Im Wortlaut von Wolfgang Gehrcke,

Linksfraktion im Bundestag und Rosa-Luxemburg-Stiftung luden zu internationaler Nahostkonferenz in Berlin. Wolfgang Gehrcke ist Mitglied des Auswärtigen Ausschusses im Bundestag. Er nahm u. a. als Moderator an der Nahostkonferenz vom Wochenende teil. Es gab einige Schwierigkeiten im Vorfeld der Konferenz. Gäste konnten nicht kommen, es wurde politischer Druck auf Teilnehmer ausgeübt.

Was ist geschehen?

Wir haben für den Sprecher der palästinensischen Regierung, der Hamas-Mitglied ist, und eine Abgeordnete aus dem palästinensischen Parlament, die der Volksfront zur Befreiung Palästinas angehört, keine Einreisegenehmigung erhalten. Andere von uns eingeladene palästinensische Gäste durften nicht aus Israel ausreisen. Außerdem haben die Friedrich-Ebert-Stiftung und die Konrad-Adenauer-Stiftung in Israel Gäste, die wir zur Konferenz eingeladen hatten, angerufen und massiv gedrängt, ihre Teilnahme abzusagen. Das ist ein außerordentlich unüblicher und ärgerlicher Vorgang. Der Rosa-Luxemburg-Stiftung wurde Projektförderung für die Konferenz verweigert. Und das mit der abenteuerlichen Begründung, daß wir den Hamas-Sprecher eingeladen hatten. Ich halte es für ein unmögliches Verfahren der Bundesregierung, so in die Selbständigkeit einer Stiftung einzugreifen.

Worin sehen Sie den Hauptertrag der Konferenz?

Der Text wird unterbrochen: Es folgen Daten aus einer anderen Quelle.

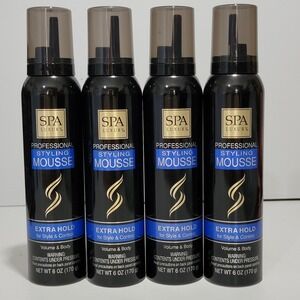 4 Pack Spa Luxury Professional Styling Mousse Extra Hold Volume Body 6oz Each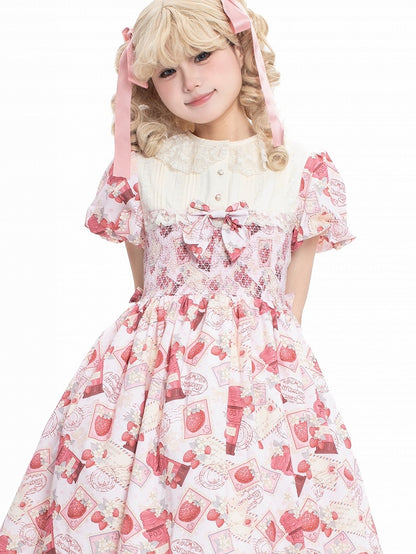 Lace Puff Pink with Sleeves Collar Lolita Beige Dress Print Strawberry Sweet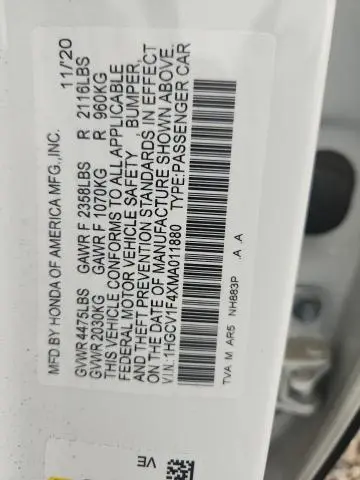 2021 HONDA ACCORD SPORT SE  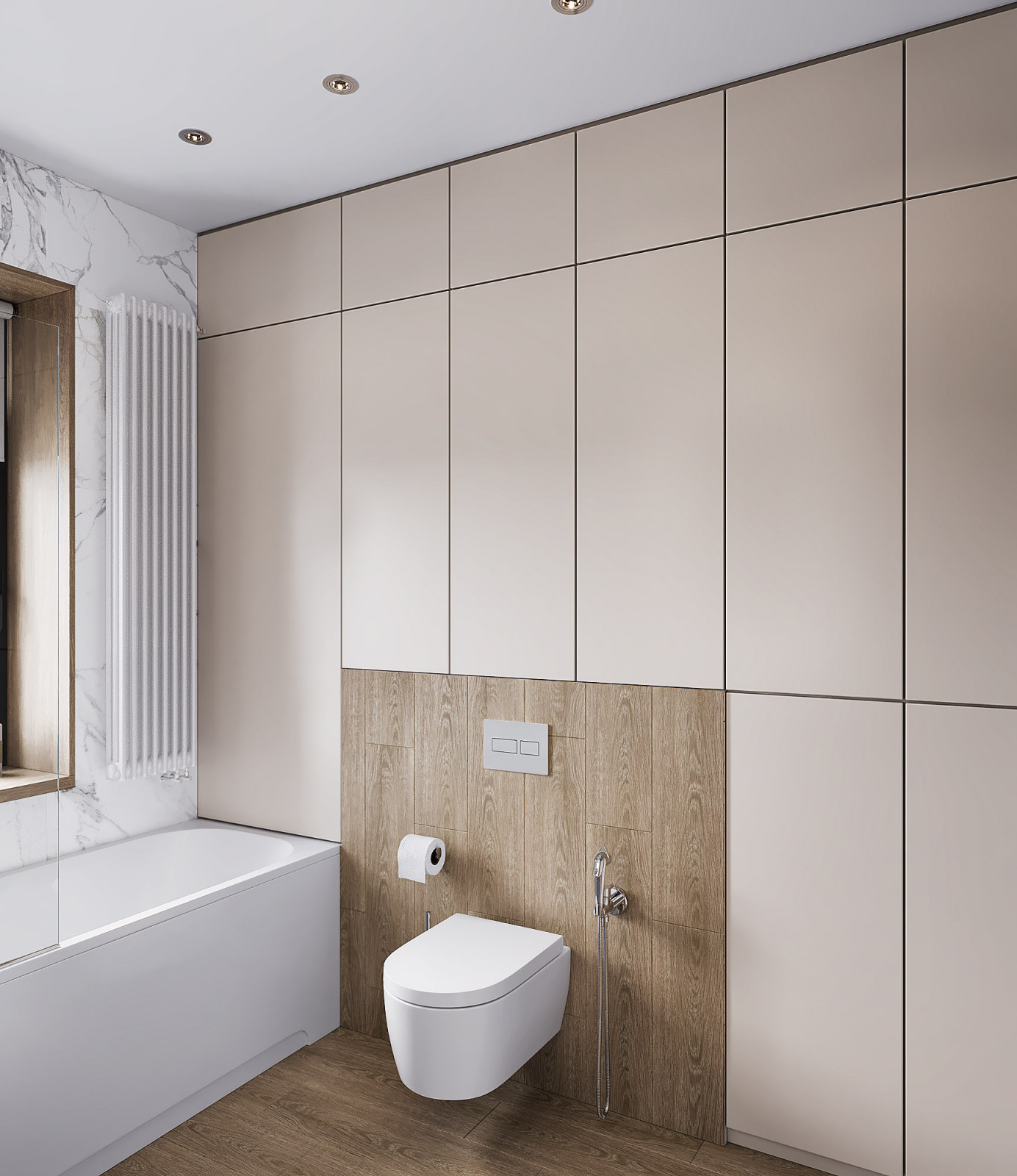 Ванная комната. Вид на инсталляцию встроенную в шкаф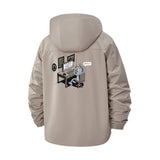 Retro Arcade Robot Unisex Full-Zip Printed Waterproof Hooded Windbreaker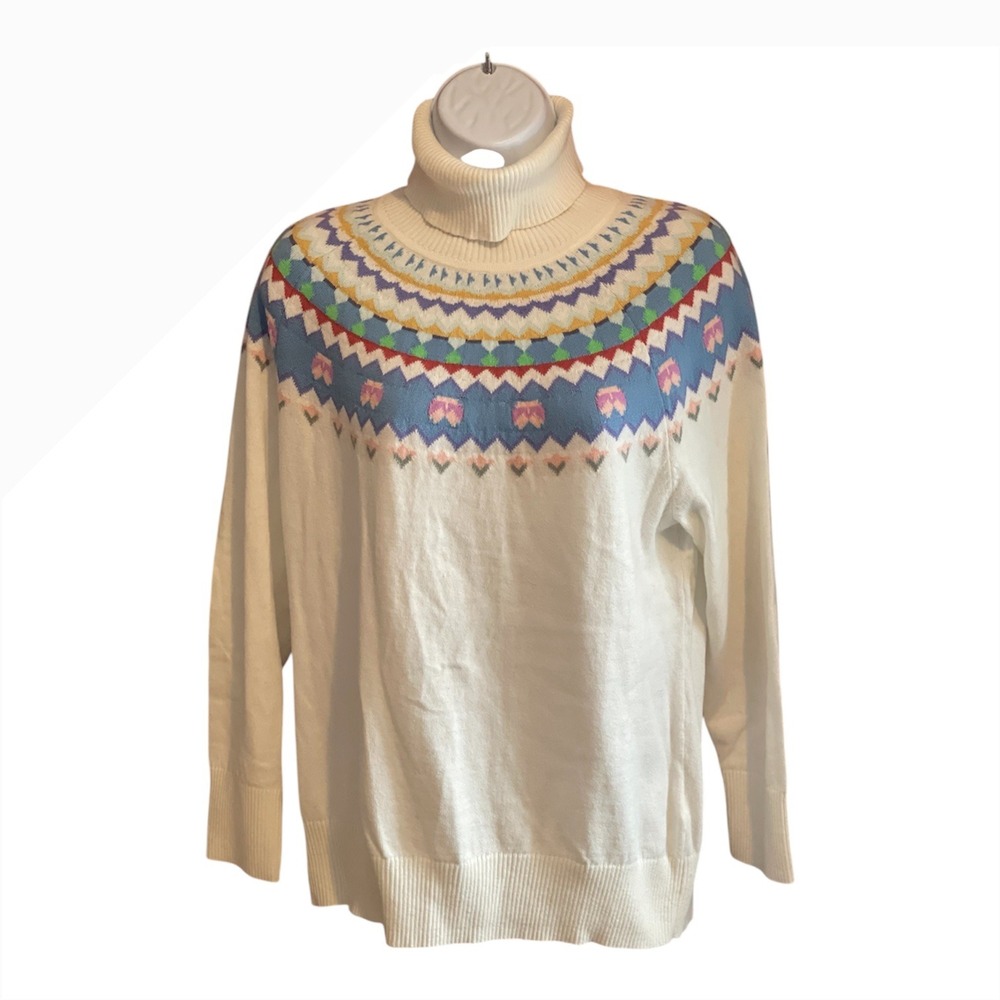 L.L.Bean Fair Isle Snowflake Fair Isle Turtleneck Sweater Women LPCream Multi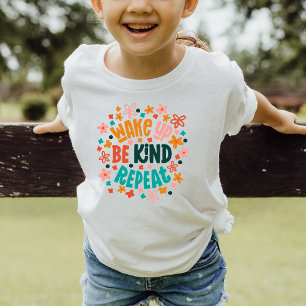 Kindness Colourful Floral Typography Design T-Shirt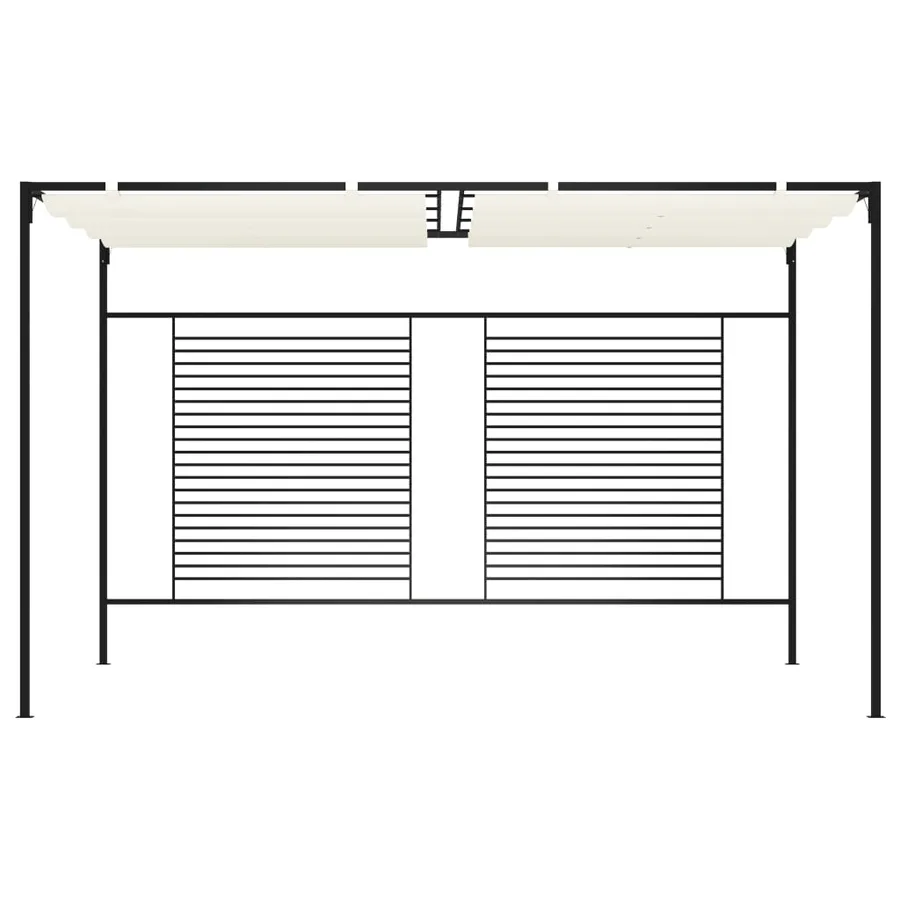 Belvédère avec auvent rétractable 3x4x2,3 m Crème 180 g/m² - 2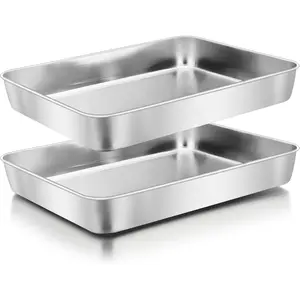 Rectangle Cake Pan Set of 2, 12 1/3  x 9 3/4  x 2 Inch Stainless Steel Baking Pan for Oven, Lasagna Brownies Casseroles Cakes Bakeware, Dishwasher Safe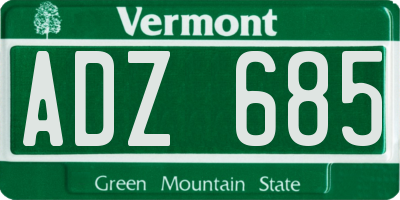 VT license plate ADZ685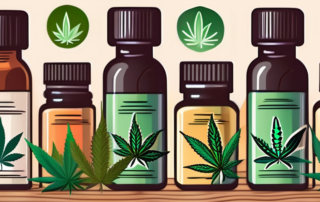 Various cannabis products such as a cannabis leaf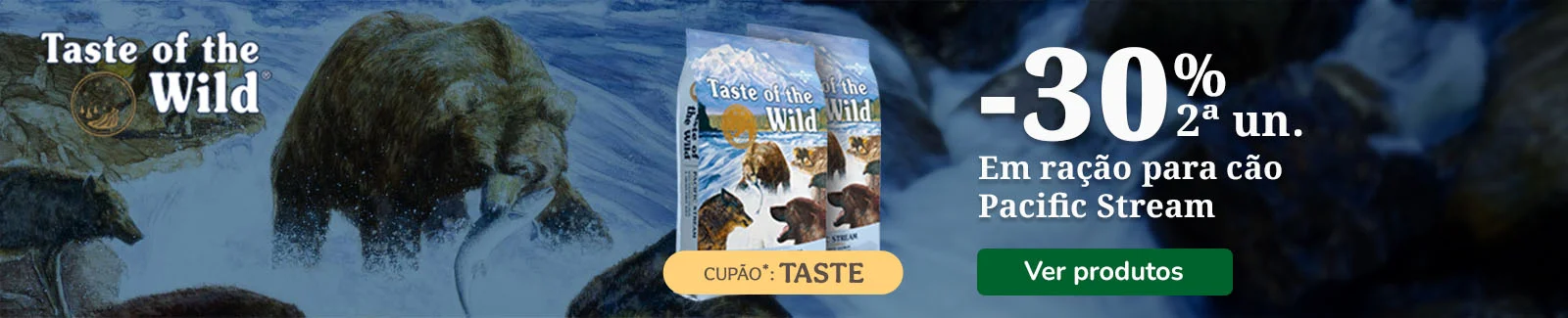 Taste of the Wild: 30% de desconto na 2ª unidade numa seleção de ração para cão.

Wir müssen Druck auf die Bundesregierung und die Öffentlichkeit ausüben, damit es zu einem Kurswechsel in der Nahostpolitik kommt. Die Bundesregierung muß klarstellen, daß ein lebensfähiger palästinensischer Staat Voraussetzung für die Sicherheit Israels ist. Man muß die Sperrung der Gelder für die palästinensische Autonomiebehörde durch die Europäische Union sofort aufheben und den israelischen Kriegsabenteuern eine klare Absage erteilen. Wir hatten hier sehr verschiedene Vertreter der israelischen Friedensbewegung, von Gush Shalom und Peace Now bis zur Friedensbewegung der Frauen. Für uns ist es ein großer Schritt nach vorn, so intensiv mit der israelischen Friedensbewegung ins Gespräch gekommen zu sein. Wir haben ein Klima geschaffen, in dem die anwesenden Palästinenserinnen und Palästinenser ihre Forderungen formuliert haben und man aufeinander zugegangen ist.
Unter anderem kamen auf der Konferenz die Schwierigkeiten zur Sprache, die speziell die deutsche Linke mit dem Thema Nahost hat.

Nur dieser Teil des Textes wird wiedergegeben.